**Required action**
Emit the line that holds "তীব্র শীত ও ঘণ কুয়াশায় জনজীবন বিপর্যস্ত" and all lines following it through the end of the data, verbatim, and nothing else.

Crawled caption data
☆ ☆ ☆ ☆

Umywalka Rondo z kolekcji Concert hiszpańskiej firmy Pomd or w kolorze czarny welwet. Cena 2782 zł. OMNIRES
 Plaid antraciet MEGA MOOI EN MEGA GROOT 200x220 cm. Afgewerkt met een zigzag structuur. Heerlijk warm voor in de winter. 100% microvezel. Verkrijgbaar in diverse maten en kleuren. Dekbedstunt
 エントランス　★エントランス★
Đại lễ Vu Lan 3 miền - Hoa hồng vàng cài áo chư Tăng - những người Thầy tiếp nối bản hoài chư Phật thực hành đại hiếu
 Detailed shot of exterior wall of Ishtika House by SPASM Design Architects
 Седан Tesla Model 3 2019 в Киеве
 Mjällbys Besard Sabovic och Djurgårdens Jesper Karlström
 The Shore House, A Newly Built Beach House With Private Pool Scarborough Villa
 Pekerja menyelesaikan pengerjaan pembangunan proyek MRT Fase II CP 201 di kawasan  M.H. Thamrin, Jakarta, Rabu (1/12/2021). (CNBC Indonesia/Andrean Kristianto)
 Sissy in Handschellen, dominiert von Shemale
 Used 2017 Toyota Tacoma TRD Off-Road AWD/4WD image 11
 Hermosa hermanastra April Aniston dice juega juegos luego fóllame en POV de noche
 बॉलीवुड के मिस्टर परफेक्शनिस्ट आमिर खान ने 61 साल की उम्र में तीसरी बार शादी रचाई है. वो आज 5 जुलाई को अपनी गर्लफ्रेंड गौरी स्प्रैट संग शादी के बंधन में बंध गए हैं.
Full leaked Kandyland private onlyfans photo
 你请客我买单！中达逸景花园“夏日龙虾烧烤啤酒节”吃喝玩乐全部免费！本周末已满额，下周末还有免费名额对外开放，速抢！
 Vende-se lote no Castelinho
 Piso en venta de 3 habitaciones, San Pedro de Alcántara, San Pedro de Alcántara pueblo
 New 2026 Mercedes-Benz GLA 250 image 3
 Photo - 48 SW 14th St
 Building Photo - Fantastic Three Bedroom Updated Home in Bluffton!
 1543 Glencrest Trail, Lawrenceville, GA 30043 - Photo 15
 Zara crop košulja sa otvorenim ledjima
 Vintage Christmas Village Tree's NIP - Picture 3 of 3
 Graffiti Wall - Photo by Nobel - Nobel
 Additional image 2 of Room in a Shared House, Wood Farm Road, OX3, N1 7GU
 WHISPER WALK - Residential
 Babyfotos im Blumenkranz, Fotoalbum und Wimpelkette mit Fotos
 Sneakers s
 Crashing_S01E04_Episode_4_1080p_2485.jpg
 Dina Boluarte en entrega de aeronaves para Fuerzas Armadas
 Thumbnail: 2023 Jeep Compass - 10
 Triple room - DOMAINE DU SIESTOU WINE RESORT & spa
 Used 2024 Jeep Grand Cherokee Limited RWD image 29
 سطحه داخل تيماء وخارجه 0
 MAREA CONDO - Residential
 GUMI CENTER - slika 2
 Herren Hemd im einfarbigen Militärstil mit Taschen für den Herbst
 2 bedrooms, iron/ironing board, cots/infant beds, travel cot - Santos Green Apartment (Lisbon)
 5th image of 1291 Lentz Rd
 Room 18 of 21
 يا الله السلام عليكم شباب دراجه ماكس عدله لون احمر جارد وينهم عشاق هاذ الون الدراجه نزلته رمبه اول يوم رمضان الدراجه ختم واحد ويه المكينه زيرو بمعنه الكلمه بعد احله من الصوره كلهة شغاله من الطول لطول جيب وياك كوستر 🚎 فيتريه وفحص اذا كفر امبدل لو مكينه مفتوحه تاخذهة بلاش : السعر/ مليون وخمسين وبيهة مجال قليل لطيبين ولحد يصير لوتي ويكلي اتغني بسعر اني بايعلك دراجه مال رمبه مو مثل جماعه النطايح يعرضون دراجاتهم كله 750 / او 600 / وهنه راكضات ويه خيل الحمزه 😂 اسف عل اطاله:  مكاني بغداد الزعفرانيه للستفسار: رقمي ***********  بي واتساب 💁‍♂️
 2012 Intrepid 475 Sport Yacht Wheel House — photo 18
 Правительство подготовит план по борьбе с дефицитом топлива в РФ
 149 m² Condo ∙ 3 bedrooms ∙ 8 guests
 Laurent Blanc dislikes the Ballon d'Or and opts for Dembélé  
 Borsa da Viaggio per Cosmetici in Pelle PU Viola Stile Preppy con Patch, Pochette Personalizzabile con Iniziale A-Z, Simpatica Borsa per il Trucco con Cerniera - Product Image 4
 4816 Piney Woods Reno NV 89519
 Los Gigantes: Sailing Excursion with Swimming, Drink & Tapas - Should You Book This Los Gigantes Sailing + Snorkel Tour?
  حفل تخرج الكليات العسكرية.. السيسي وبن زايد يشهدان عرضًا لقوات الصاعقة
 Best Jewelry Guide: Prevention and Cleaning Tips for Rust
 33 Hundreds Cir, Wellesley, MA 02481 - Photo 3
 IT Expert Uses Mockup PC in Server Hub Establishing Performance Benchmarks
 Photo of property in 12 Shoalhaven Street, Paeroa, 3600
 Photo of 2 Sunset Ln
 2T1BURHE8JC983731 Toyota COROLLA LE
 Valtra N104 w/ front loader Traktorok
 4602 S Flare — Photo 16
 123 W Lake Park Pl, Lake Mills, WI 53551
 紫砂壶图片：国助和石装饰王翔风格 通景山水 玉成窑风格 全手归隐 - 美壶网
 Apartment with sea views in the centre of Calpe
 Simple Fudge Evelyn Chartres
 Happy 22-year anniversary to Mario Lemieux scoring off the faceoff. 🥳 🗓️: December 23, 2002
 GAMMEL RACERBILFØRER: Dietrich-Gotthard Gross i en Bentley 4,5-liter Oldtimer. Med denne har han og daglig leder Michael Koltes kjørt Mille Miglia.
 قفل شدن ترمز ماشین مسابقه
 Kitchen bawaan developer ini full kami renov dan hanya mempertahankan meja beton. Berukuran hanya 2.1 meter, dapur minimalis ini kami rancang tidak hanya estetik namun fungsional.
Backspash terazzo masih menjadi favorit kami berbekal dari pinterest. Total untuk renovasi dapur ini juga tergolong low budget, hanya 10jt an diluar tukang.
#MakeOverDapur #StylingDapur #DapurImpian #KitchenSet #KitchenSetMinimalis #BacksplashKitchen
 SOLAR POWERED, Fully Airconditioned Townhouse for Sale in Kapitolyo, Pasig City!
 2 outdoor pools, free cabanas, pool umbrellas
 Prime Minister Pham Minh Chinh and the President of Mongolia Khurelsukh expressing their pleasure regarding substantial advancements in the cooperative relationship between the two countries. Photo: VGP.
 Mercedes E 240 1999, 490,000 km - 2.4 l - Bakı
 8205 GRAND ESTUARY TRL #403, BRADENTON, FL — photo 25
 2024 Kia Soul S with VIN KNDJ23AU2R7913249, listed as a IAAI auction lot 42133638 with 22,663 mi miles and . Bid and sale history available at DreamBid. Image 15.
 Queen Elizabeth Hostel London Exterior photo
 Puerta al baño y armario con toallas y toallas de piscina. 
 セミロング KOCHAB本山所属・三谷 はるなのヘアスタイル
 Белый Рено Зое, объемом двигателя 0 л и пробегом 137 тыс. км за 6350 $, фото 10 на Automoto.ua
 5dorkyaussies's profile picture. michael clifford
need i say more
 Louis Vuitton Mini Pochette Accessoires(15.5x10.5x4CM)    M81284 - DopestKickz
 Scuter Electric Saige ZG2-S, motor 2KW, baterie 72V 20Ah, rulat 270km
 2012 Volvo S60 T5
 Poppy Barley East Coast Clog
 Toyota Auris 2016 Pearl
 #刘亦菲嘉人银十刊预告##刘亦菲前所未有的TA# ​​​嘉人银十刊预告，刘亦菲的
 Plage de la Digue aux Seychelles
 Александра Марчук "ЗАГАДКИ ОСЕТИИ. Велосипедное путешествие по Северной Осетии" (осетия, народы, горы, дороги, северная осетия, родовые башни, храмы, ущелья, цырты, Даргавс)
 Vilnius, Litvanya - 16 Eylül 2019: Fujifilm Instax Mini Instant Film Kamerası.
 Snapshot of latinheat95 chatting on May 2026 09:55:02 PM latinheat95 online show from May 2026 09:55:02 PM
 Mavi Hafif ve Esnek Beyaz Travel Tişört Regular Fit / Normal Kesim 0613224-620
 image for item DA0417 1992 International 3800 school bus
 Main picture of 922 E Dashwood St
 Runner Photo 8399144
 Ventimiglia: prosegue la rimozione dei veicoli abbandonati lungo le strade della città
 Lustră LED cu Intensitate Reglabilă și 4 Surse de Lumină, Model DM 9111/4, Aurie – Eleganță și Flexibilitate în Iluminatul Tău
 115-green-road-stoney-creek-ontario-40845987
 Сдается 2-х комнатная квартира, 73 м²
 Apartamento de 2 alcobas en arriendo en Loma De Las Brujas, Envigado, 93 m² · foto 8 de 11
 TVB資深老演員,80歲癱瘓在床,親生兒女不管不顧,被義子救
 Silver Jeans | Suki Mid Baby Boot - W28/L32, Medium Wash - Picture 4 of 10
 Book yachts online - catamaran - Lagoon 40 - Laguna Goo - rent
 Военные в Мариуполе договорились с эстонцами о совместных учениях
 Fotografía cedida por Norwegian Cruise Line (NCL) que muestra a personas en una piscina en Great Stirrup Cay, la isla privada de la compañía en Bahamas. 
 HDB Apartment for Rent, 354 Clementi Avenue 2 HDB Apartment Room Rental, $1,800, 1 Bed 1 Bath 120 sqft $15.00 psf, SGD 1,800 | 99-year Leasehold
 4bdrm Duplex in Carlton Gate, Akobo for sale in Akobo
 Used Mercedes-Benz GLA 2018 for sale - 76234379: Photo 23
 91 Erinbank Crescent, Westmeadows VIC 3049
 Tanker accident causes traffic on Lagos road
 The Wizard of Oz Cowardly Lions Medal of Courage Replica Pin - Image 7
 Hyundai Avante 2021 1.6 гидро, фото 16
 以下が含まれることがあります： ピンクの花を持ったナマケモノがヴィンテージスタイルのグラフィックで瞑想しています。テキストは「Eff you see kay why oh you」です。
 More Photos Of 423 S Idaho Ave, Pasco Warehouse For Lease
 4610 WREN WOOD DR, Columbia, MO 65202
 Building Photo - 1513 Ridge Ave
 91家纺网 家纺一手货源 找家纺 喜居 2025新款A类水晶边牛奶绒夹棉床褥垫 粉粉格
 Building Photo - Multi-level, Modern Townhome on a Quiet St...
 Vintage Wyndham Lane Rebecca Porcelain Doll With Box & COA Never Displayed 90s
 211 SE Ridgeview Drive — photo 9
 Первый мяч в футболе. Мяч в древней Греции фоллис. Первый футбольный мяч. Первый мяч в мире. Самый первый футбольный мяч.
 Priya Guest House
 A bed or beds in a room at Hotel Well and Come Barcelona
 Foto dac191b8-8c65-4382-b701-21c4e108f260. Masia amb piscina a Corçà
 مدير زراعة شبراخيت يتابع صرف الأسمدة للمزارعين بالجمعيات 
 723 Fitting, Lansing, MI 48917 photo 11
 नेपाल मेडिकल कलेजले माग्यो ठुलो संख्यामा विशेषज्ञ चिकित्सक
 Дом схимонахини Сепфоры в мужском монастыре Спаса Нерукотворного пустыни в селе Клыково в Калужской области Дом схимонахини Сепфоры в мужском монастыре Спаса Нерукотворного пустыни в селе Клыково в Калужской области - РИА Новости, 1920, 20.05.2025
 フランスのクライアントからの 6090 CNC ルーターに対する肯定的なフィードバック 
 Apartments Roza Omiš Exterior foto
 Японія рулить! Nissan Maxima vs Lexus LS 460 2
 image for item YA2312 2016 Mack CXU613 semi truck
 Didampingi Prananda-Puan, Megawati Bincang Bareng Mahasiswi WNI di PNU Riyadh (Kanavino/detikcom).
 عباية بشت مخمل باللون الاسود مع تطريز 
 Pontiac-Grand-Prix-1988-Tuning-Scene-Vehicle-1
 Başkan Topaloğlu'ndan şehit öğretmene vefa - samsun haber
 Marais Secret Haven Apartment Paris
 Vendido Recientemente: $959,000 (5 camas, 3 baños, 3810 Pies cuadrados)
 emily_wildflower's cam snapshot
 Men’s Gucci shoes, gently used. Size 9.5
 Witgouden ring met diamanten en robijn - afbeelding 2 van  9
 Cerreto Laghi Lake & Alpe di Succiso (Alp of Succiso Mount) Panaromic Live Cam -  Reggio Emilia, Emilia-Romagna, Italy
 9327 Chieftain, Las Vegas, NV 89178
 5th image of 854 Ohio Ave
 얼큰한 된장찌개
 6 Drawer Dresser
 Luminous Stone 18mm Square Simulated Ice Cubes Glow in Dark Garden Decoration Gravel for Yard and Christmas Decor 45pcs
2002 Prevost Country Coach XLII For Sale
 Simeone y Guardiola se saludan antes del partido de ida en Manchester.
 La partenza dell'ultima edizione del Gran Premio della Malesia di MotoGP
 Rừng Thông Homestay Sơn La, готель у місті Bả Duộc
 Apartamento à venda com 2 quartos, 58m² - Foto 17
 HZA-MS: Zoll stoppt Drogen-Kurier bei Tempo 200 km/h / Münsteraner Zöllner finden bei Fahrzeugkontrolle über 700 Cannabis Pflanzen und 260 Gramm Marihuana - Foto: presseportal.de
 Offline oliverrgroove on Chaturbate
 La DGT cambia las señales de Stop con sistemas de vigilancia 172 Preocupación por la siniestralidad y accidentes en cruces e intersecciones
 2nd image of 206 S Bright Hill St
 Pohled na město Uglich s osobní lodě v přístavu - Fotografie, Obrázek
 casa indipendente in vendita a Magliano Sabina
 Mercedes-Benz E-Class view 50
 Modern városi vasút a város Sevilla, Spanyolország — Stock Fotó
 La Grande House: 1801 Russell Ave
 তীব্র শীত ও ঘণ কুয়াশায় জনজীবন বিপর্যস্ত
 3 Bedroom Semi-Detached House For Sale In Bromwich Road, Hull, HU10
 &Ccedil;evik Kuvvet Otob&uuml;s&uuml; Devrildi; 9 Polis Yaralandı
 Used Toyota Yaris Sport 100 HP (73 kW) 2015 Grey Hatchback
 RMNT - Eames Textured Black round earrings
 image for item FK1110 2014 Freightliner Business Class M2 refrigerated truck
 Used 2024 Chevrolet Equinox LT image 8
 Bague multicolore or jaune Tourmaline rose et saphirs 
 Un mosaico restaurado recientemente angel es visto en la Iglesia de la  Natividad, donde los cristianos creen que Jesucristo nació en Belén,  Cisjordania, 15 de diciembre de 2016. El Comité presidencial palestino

☆ ☆ ☆ ☆

**Task output**
 তীব্র শীত ও ঘণ কুয়াশায় জনজীবন বিপর্যস্ত
 3 Bedroom Semi-Detached House For Sale In Bromwich Road, Hull, HU10
 &Ccedil;evik Kuvvet Otob&uuml;s&uuml; Devrildi; 9 Polis Yaralandı
 Used Toyota Yaris Sport 100 HP (73 kW) 2015 Grey Hatchback
 RMNT - Eames Textured Black round earrings
 image for item FK1110 2014 Freightliner Business Class M2 refrigerated truck
 Used 2024 Chevrolet Equinox LT image 8
 Bague multicolore or jaune Tourmaline rose et saphirs 
 Un mosaico restaurado recientemente angel es visto en la Iglesia de la  Natividad, donde los cristianos creen que Jesucristo nació en Belén,  Cisjordania, 15 de diciembre de 2016. El Comité presidencial palestino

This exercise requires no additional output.